Ainsi, pour les Chinoises du Nord le seul réel emploi est un emploi de domestique au service d’immigrés Chinois installés de longue date. Mais cet emploi relève de l’exploitation, il est sous-payé, ne laisse aucun temps libre, et dégradant pour ces femmes qui ont quitté la classe moyenne Chinoise pour devenir domestiques au service d’anciens paysans Chinois.

Cependant, dans ces emplois en « live-in » qui impliquent de résider au domicile de l’employeur, les conditions sont décrites comme relevant de l’exploitation. Les femmes estiment être corvéables à merci. Pour un salaire moyen de 400 à 600 euros par mois sans jour de repos garanti, elles doivent s’occuper des enfants, nettoyer la maison, faire les courses et la cuisine, la lessive et le repassage. Ces tâches sont étendues au commerce de leur employeur si celui-ci en possède un. Les femmes racontent qu’elles peuvent être réveillées au milieu de la nuit pour faire à manger à leurs patrons. À la lourdeur des tâches elles-mêmes s’ajoutent des humiliations quotidiennes et un mépris qu’elles trouvent insupportables.
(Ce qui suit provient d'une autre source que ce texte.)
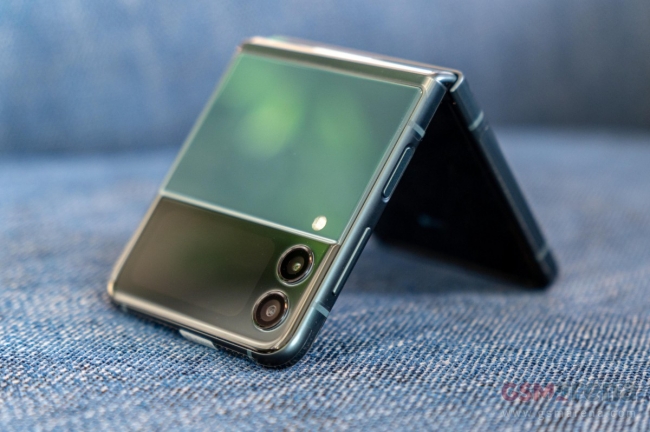 Galaxy Z Flip 3 giảm gần nửa giá, đập hộp chỉ từ 14,5 triệu có đáng mua?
Face à cette situation qui les plonge dans l’indignité, ces Chinoises du Nord ont une dernière ressource pour s’en sortir : leur corps. La sexualité va donc être une ressource non négligeable pour survivre. Plutôt que la misère sociale liée au chômage, ou l’indignité et l’exploitation liée à la domesticité pour des employeurs Chinois, ces femmes vont instrumentaliser leur sexualité afin de s’intégrer socialement. Trois arrangements économico-sexuels sont à la dispositions de ces Chinoises du Nord : se mettre en couple avec un compatriote – pour diminuer les dépenses quotidiennes et trouver un soutien moral ; chercher un français – pour obtenir des papiers et améliorer leur niveau de vie ; se prostituer (« le faire »).
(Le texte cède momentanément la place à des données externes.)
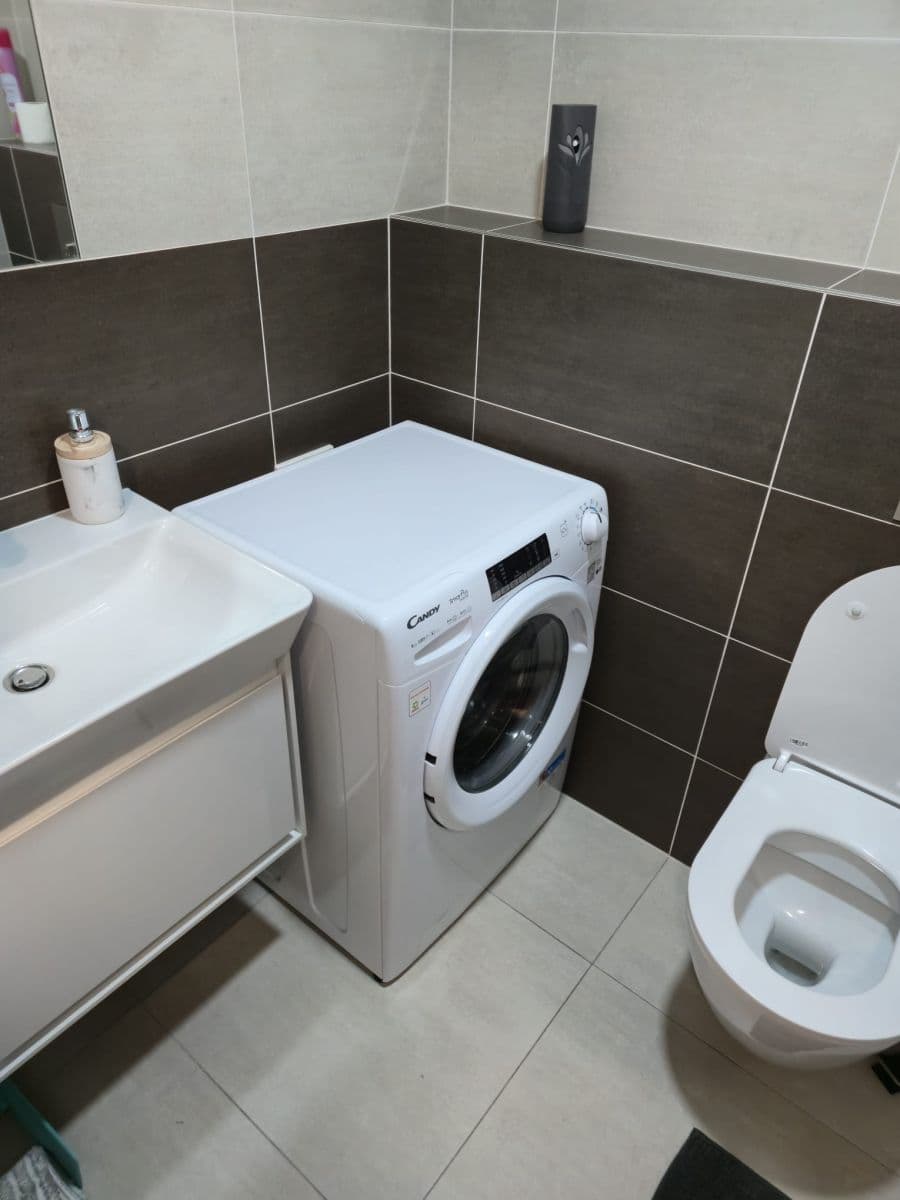 Prenájom bytu 22 m², Plzeňská, Praha, Praha Prenájom bytu 22 m², Plzeňská, Praha, Praha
Au-delà de la condamnation morale, ces femmes voient dans la prostitution plusieurs avantages. Elle leur apparaît comme une alternative positive en comparaison de l’emploi de nourrice, dont les conditions de travail fonctionnent comme repoussoir. (…) La différence entre les stratégies des domestiques et celles des prostituées tient à la dimension économique, puisque le « travail » sexuel permet théoriquement d’obtenir des ressources rapidement. Toutefois, nos interlocutrices parlent peu des différences en termes de gains, qui ne sont pas négligeables, mais mettent davantage l’accent sur le fait, plus légitime à leurs yeux, de s’affranchir des conditions d’emploi et surtout de la domination et du mépris des employeurs de Chine du Sud. Libérées de cette tutelle, la prostitution leur permet une forme d’autonomie : elles peuvent gérer leur temps et leur argent.
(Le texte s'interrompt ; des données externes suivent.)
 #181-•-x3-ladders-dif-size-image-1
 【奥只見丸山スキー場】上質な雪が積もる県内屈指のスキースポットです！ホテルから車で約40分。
Il n’existe pas de frontière rigide entre ces situations, mais plutôt un continuum de situations entre mariage et prostitution. Ces différents arrangements peuvent se superposer ou se succéder dans la vie des Chinoises du Nord à Paris. Par exemple, la prostitution peut mener au mariage avec un français :

Selon nos interlocutrices, elle peut ouvrir la voie vers une autre option, non négligeable à leurs yeux : le mariage. La prostitution est en effet vue comme une activité favorisant la rencontre avec des hommes français et donc de potentiels maris. Ainsi, bien qu’elles réprouvent ce « travail », beaucoup de femmes tentent d’y voir un pis-aller « temporaire » pour pouvoir s’en sortir dans l’immédiat et arriver à leurs fins à plus long terme. En un mot, il s’agit, selon elles, d’un moyen efficace de poursuivre l’objectif migratoire.